[ENTRIES SHOWN — start]

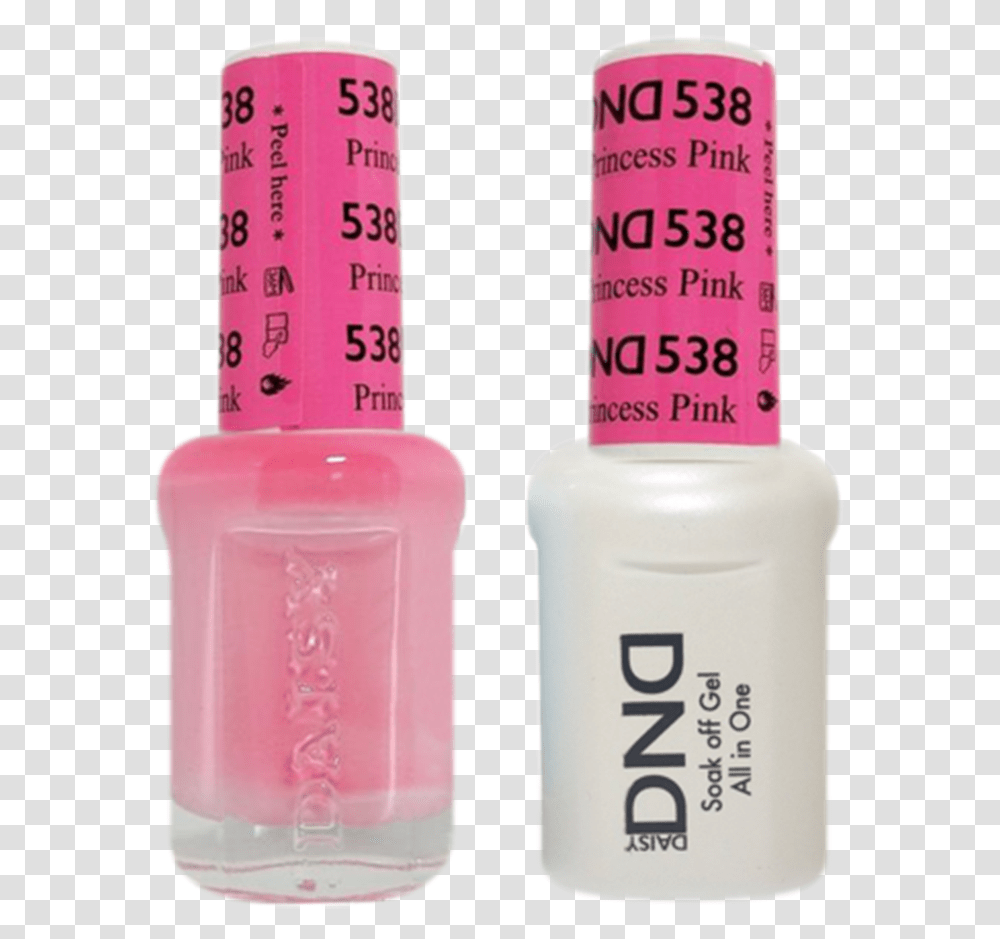 Gel Amp Lacquer Duo Nail Polish, Cosmetics, Bottle, Deodorant, Lipstick Transparent Png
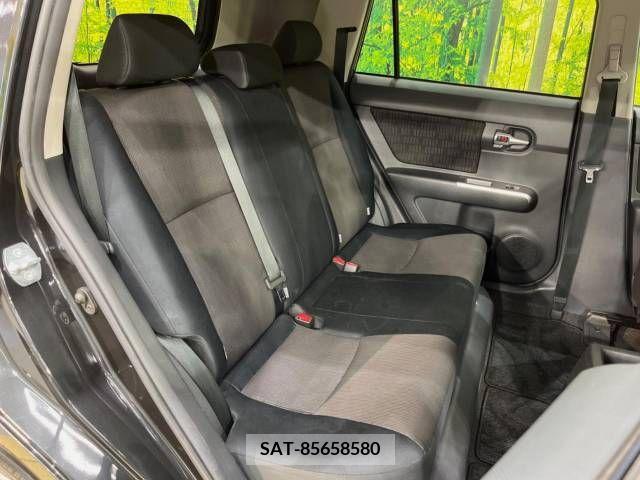 Toyota COROLLA RUMION 2010-03 381311-9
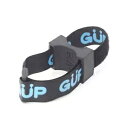GUP Kwiki ホルスター GUP001VS GUP Kwiki Holster GUP001VS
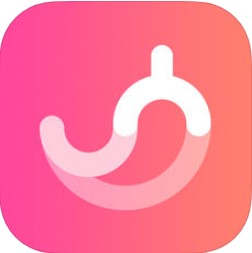 Hola红辣椒 V1.4.0 安卓版
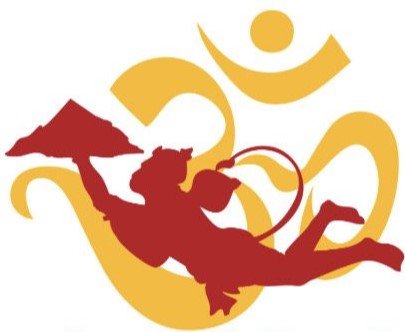 Mandir Logo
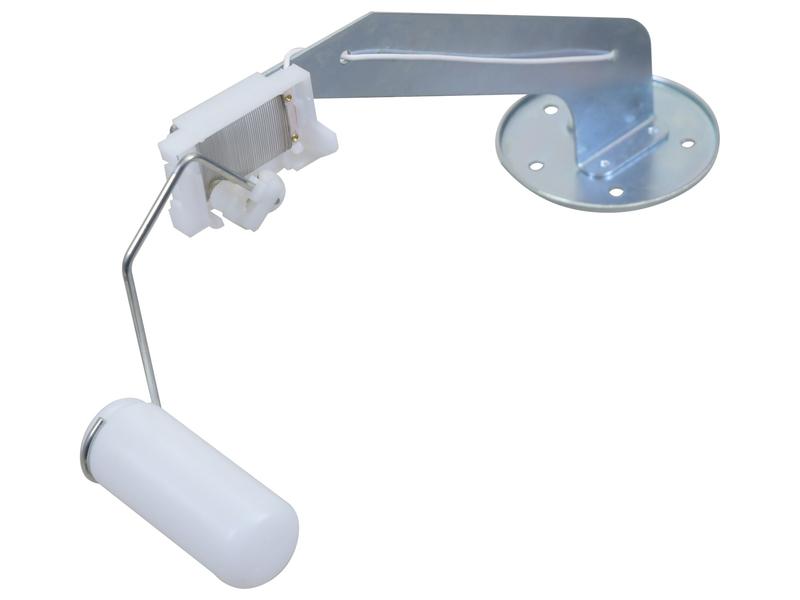 Fuel Sender Unit - Sparex Part S.167961 main image 1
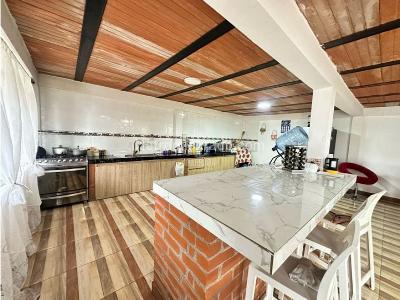 Casa en venta en Morelia, Pereira · foto 15 de 20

[ENTRIES SHOWN — finish]

EXERCISE BRIEF:
For this exercise, retype the listing above word for word and omit the pictures.

EXERCISE RESPONSE:
 Gel Amp Lacquer Duo Nail Polish, Cosmetics, Bottle, Deodorant, Lipstick Transparent Png
 Toyota COROLLA RUMION 2010-03 381311-9
GUP Kwiki ホルスター GUP001VS GUP Kwiki Holster GUP001VS
 Hola红辣椒 V1.4.0 安卓版
 Mandir Logo
 Fuel Sender Unit - Sparex Part S.167961 main image 1
 Casa en venta en Morelia, Pereira · foto 15 de 20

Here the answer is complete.